_Task to complete_:
Using the entries below, output exactly the lines from the one containing "Motociclista omite semáforo" through the final line, both included, and no others.

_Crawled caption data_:
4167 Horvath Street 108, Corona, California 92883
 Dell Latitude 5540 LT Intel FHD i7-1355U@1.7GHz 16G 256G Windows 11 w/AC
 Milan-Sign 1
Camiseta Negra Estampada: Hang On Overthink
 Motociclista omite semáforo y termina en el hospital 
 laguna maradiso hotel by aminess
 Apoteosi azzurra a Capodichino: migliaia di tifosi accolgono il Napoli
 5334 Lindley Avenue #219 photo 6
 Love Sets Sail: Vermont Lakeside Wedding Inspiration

_Task result_:
 Motociclista omite semáforo y termina en el hospital 
 laguna maradiso hotel by aminess
 Apoteosi azzurra a Capodichino: migliaia di tifosi accolgono il Napoli
 5334 Lindley Avenue #219 photo 6
 Love Sets Sail: Vermont Lakeside Wedding Inspiration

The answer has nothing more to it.